Frumious Bandersnatch
Joined
Nov 3, 1999
Messages
85,003
I really need some help or just someone to talk to, my relationships really having a toll on me and I’m fine, I mean I’m safe, I’m not suicidal or anything but I don’t know what to do anymore..
 
Yeah I was waiting to see if I got a response, I mean long story short I have a pretty long history with a girl 7+ years, I live with her and help care for her elderly grandparents I’m 28 she’s 27 this February. To paraphrase our entire relationship every problem has been my fault. Most of them have, so I understand her distrust but we always get back together. I’m disabled so I spend my time at the house most days, cleaning, listening out for her grandparents and helping them.. one just got out of the nursing home and the other is legally blind. That being said I do all the cooking, the dishes and I help her maintain the yard work and upkeep of the house and help with buying groceries and retrieving them. I don’t know if we are just dressed or incompatible or most likely both. But to make everything easier to read she keeps telling me she don’t wanna be with me.. wants me to leave.. she is jealous of my mom and anybody else in my life to the point where I don’t even have a social life.. very controlling and I get it most are going to say dude why are you with her, but I’m trying to make it work because I love her, and when she’s not trying to kick me out for whatever reasons we get along great. I don’t know what but basically I helped my mom with money to buy her fiancée a birthday present, that’s a different thread.. but my girl got wind of it trying to be honest with her with everything now. And she’s pissed off because I have chosen to save my money to better myself and have something for emergency problems that being said I told her this Christmas I wouldn’t be doing many extravagant gifts anymore for a while till I am comfortable with what I’ve built up. I spent nearly a half a grand on her Christmas and I just recently got everything all paid off. That being said she feels like I’m a piece of shit for not getting her a present this year and just doing a birthday dinner.. I don’t expect her to get me anything but just be there for my birthday.. idk what I should do I should mention we have quite a colorful past but we always seem to get back together.
Could you maybe give us a bit more detail about your situation?
 
Emotional attachments can cause a lot of self destruction. Either prepare to lose a lot of yourself to this woman or learn how to live apart from her. You do not need her to fulfill your needs. You can do that by yourself. Where does reality factor into your decision to stay with her?
 
Tough one bruv.

Gut reaction is move on. Sounds like she may be a little crazy (we all are). Your crazy may not fully compute with her crazy.

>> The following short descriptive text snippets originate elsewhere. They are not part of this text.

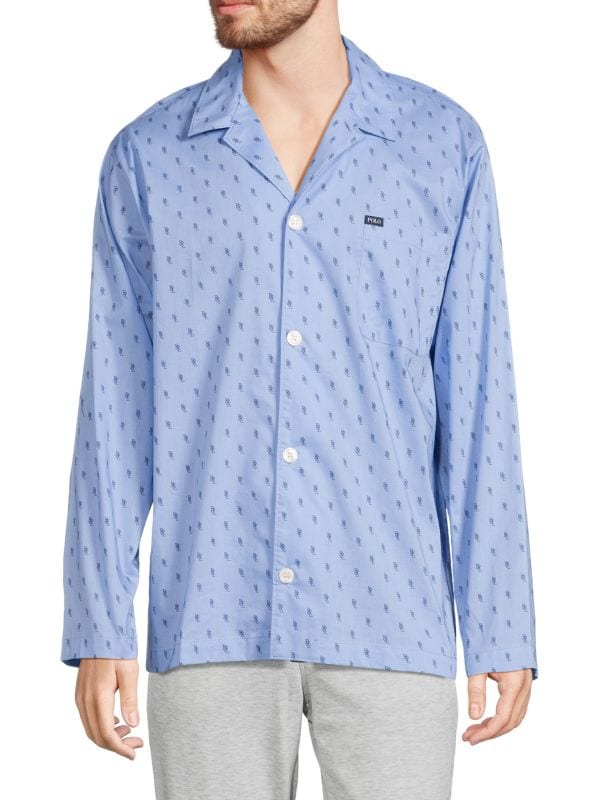 Пижамная рубашка на пуговицах с монограммой Polo Ralph Lauren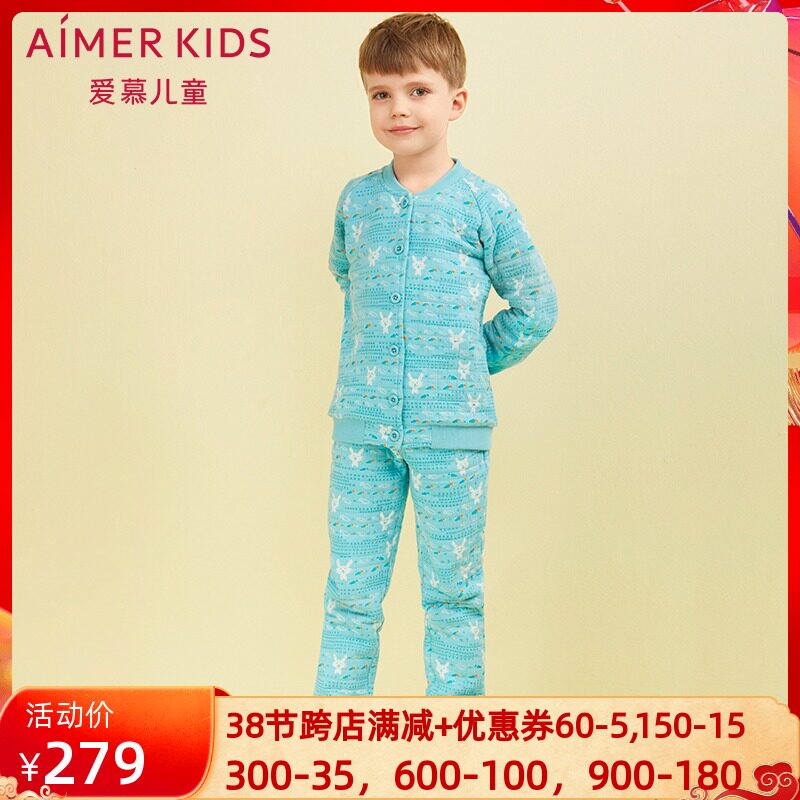 AIMER Children Fun Rabbit boy girl clip cotton thickened warm home pyjamas pants set AK2430191
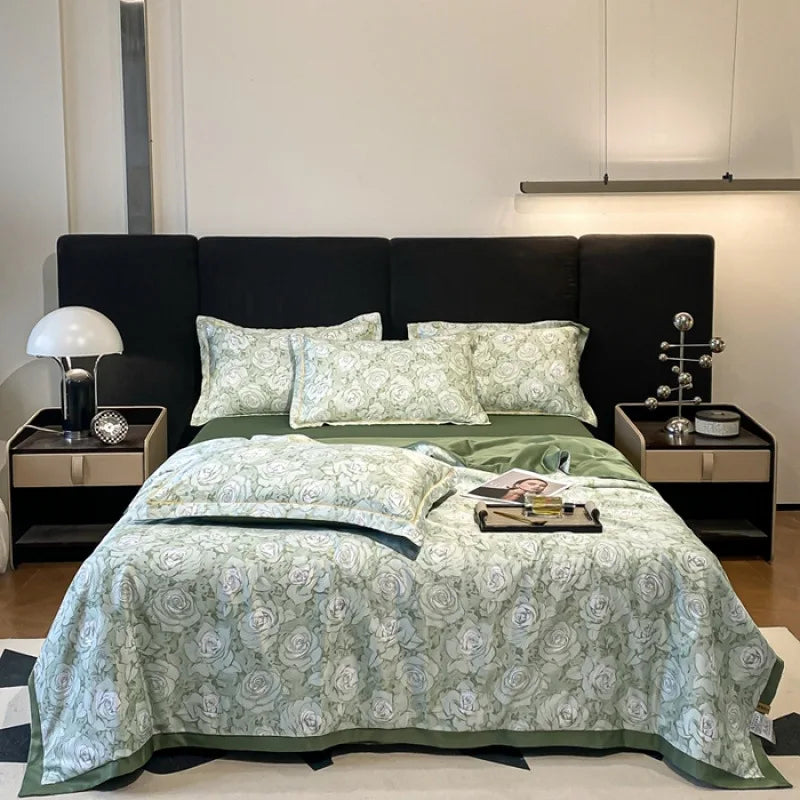 Afralia™ Tie-Dye Floral Satin Blanket Comforter: Super Soft Cooling Quilt for Bedding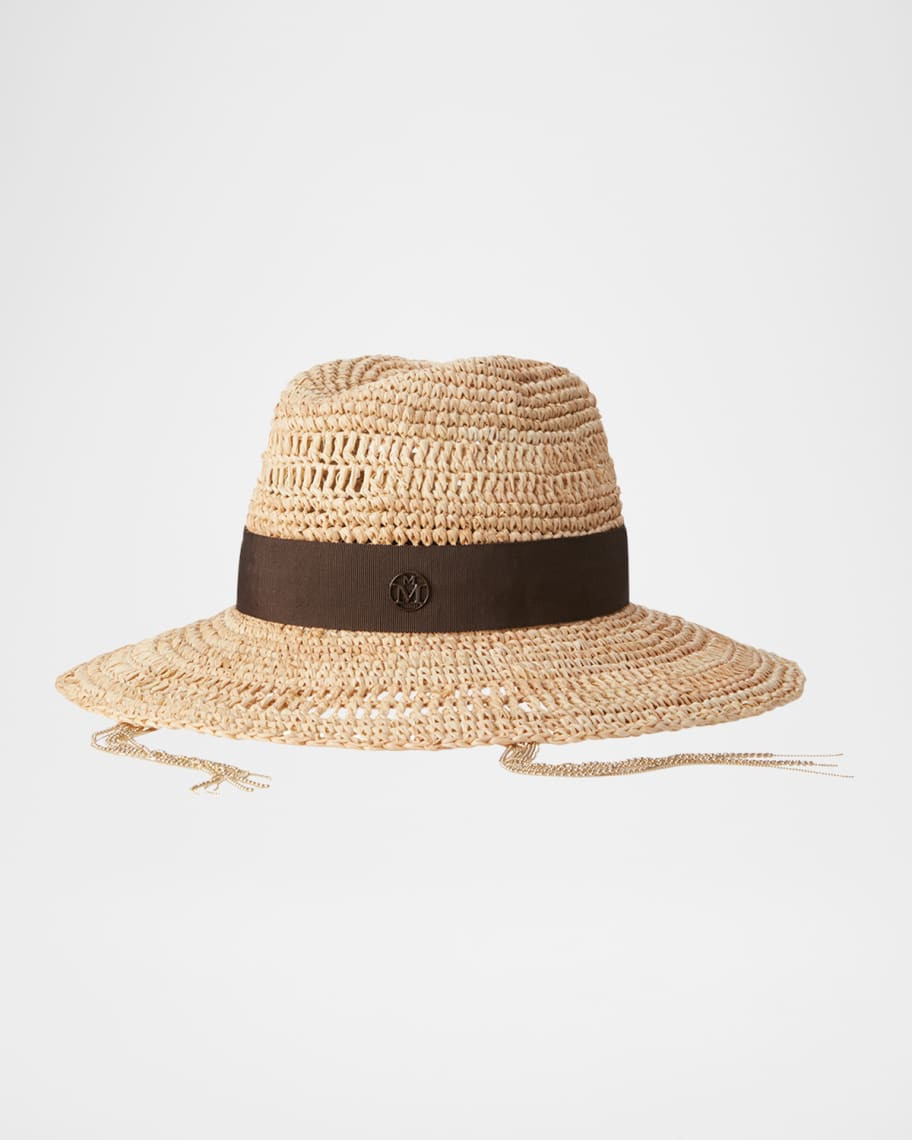 Maison Michel Kate Crochet Chain Fedora Hat | Neiman Marcus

I loved a girl once when I was your age I thought I loved her more than I could live anyone. It was actually a very similar situation. We lived in an apartment above her grandparents. I was in school full time and working part time while she worked full time. I also helped with many chores, familial duties during that time. We both had some issues and both brought trouble to the relationship, but she was less forgiving/understanding/whatever.

We broke up and I was still in love with her and it sucked for a year or two then I got over it completely, had the time if my life, met a beautiful woman who is much more compatible with my crazy and we are married and have a beautiful child and life could not be more amazing (outside of maybe some material bullshit - but even that, that not having everything, is so good because I can be sure what we have is us and not some outside things.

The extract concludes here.